Les visites sont autorisées à partir de 14 heures. Rose est à l’accueil. J’espère que Roman et sa femme, non. Mon Dieu, faites que je ne croise plus jamais Clotilde de ma vie.

Rose est plantée devant une machine à café qui a plutôt l’air de faire du thé à en juger par l’aspect du liquide contenu dans son gobelet. Elle sourit quand elle nous voit arriver pépé et moi. Pépé, comme à son habitude, prétexte un passage aux toilettes pour se débarrasser des salutations. Rose me tend une enveloppe.

– Tenez, c’est pour vous.

– Qu’est-ce que c’est ?

– Une lettre.

– Quelle lettre ?

– Vous verrez… Roman m’a dit que vous étiez en train d’écrire l’histoire de mes parents. Cette lettre vous intéressera.

Je glisse l’enveloppe dans mon sac.

– Comment va-t-elle ?

– Elle est toujours dans le coma.

Je me mets à espérer. Alors que tout porte à croire que c’est fini. Hélène va revenir aux Hortensias et regarder le paysage depuis son fauteuil. Roman reviendra me prendre en photo et pour une fois je serai bien coiffée. Rose me regarde rêver. Elle finit par me dire :

– Je m’en vais. J’ai mon train à prendre.

Elle jette son gobelet à moitié plein dans une poubelle. Je n’ose pas lui demander si Roman et sa femme sont là.

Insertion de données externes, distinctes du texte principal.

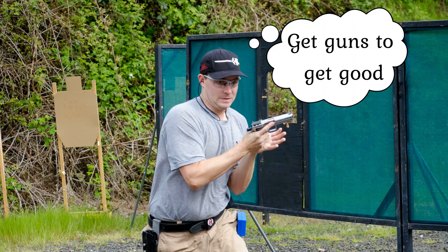Then I learned that the pros have guns just for practice. Talk about flexing. Basically, both pieces of advice were aimed at the idea of having a second gun. Eventually I came around to the idea, and I ended up getting a second gun, but not for the reasons you think.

Je prends l’ascenseur. À l’intérieur, il y a un couple de petits vieux. Ils se tiennent par la main. Je ne sais pas pourquoi, mais je me mets à penser que les gens pleurent moins quand c’est un vieux qui meurt. Ils disent que c’est comme ça, que c’est la vie. Alors, pourquoi suis-je en train de pleurer ?

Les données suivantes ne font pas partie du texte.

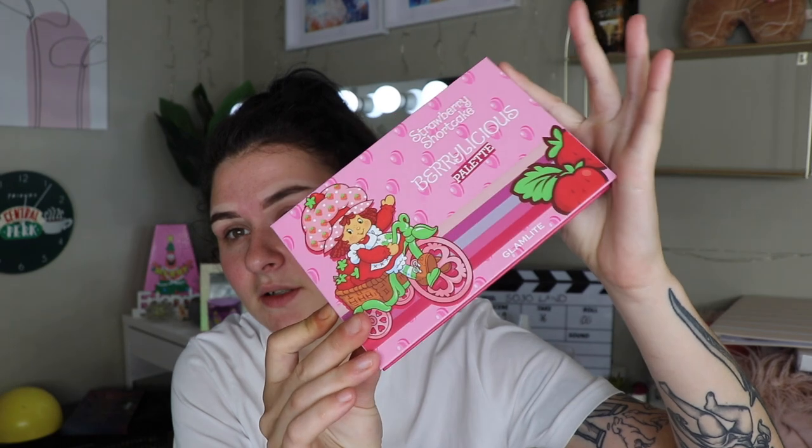So this is the Berrylicious palette and it has a really faint scent of strawberries, which is so cute. This is how the palette looks — it's absolutely the cutest thing ever. And this is the palette that we will be working with today, which I'm very excited about. I kind of have a look in mind, so we're going to see how that goes. I'm going to prime my eyes quickly with the P. Louise base in Loma 01.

Tout comme hier, je me trompe d’étage. Je cherche un couloir que je ne trouve pas. Je passe des portes battantes en espérant qu’il n’y aura pas Roman derrière, des couloirs qui n’en finissent pas. Il y a des guirlandes partout. Avec la lumière des néons, c’est étrange. Ça me rappelle ces caissières affublées d’un bonnet de Père Noël en décembre dans les grands magasins. Bref, y a des mariages qui ne collent pas.

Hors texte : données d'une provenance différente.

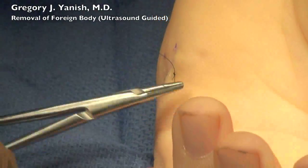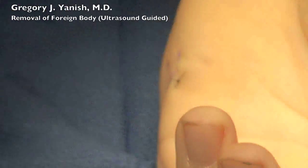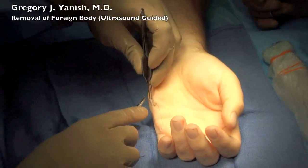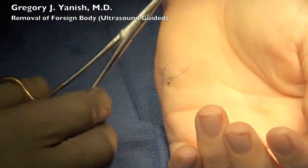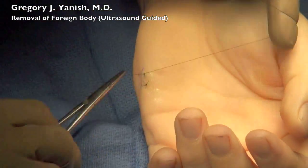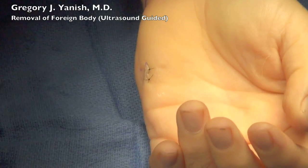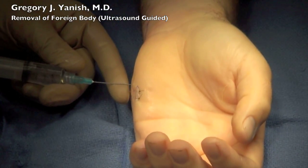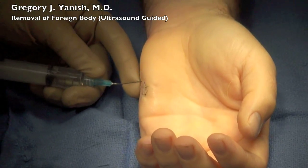This is called a horizontal mattress suture, which allows the skin edges to pucker and creates a better surgical scar. Some local anesthetic is then placed in the wound for post-operative comfort.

Je prends un autre ascenseur et quand, enfin, la porte s’ouvre sur le bon cinquième étage, je tombe nez à nez avec Je-ne-me-rappelle-plus-comment. Il porte une blouse blanche. C’est la première fois que je le vois bien habillé.

Les stylos glissés dans sa poche extérieure m’empêchent de lire son nom inscrit sur l’étiquette « Hôpital public ». Au début, j’ai tellement de mal à recoller les morceaux que je reste sans voix.

– Justine ?

– Qu’est-ce que tu fais là ?

– Je suis interne ici.

– Ah…

– Et toi ?

– Je viens voir… une amie.

– Tu pleures ?

– Un peu.

– Tu vas bien ?

– Oui.

– Tu es sûre ?

– …

– Je t’ai laissé à peu près (il réfléchit) quarante messages.

– Je suis désolée…

– C’était bien Stockholm ?

– Très froid.

– Si tu as besoin d’être réchauffée.

Il m’embrasse sur la bouche et disparaît dans l’ascenseur. Il vient de m’embrasser sur la bouche et je ne sais même pas comment il s’appelle… D’abord les cheveux, ensuite la bouche. Si ça se trouve, je vais finir par découvrir que nous sommes mariés.

Je n’ai pas eu ses messages. Je ne sais même pas où se cache mon portable. La dernière fois que je l’ai vu, je crois que c’était dans le tiroir du buffet sur lequel les frères Neige sourient à l’objectif, leurs femmes respectives collées à l’épaule.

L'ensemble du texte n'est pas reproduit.